How optimal control of polar sea-ice depends on its tipping points
Parvathi Kooloth, Jian Lu, Craig Bakker, Derek DeSantis, Adam Rupe

TL;DR
This paper investigates optimal control strategies for reversing Arctic sea-ice loss in an idealized climate model, highlighting the costs, timing, and regional focus necessary for effective intervention near tipping points.
Contribution
It introduces a novel optimal control approach for a climate energy balance model with multiple tipping points, analyzing intervention costs and timing constraints.
Findings
Control can reverse sea-ice loss but at higher costs after tipping.
Thermal inertia delays tipping, creating an overshoot window for intervention.

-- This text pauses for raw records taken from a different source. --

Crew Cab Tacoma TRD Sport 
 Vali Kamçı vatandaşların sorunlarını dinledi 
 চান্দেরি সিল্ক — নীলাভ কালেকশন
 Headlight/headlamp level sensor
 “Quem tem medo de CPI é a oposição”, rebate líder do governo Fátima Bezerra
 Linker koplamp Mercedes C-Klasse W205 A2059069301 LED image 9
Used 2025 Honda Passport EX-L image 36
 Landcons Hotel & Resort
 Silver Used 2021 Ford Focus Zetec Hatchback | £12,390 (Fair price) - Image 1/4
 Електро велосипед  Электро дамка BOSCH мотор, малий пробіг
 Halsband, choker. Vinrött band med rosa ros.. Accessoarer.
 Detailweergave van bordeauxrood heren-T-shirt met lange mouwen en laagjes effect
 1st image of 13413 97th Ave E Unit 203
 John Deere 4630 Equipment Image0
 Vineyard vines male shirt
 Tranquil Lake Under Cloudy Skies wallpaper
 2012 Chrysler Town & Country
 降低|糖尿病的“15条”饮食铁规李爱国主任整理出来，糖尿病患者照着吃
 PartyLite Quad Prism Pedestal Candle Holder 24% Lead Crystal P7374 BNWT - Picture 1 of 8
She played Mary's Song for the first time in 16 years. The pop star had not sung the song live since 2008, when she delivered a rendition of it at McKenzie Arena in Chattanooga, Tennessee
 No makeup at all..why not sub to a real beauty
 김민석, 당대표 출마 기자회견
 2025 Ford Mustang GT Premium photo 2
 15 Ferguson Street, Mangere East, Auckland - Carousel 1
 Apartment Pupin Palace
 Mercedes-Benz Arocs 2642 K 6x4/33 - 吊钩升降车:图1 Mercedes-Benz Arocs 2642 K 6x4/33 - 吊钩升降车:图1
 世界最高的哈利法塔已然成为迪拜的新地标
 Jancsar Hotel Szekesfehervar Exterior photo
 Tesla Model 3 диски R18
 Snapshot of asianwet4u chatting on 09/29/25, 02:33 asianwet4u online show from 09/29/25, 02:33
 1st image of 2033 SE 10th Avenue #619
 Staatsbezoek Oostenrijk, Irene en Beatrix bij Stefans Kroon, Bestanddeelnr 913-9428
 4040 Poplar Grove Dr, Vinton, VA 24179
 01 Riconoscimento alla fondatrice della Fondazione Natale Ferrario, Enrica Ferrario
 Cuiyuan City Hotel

Control efforts are most effective when localized in the polar region.
Abstract
Several Earth system components are at a high risk of undergoing rapid and irreversible qualitative changes or `tipping', due to increasing climate warming. Potential tipping elements include Arctic sea-ice, Atlantic meridional overturning circulation, and tropical coral reefs. Amidst such immediate concerns, it has become necessary to investigate the feasibility of arresting or even reversing the crossing of tipping thresholds using feedback control. In this paper, we study the control of an idealized diffusive energy balance model (EBM) for the Earth's climate; this model has two tipping points due to strong co-albedo feedback. One of these tipping points is a `small icecap' instability responsible for a rapid transition to an ice-free climate state under increasing greenhouse gas (GHG) forcing. We develop an optimal control strategy for the EBM under different climate forcing…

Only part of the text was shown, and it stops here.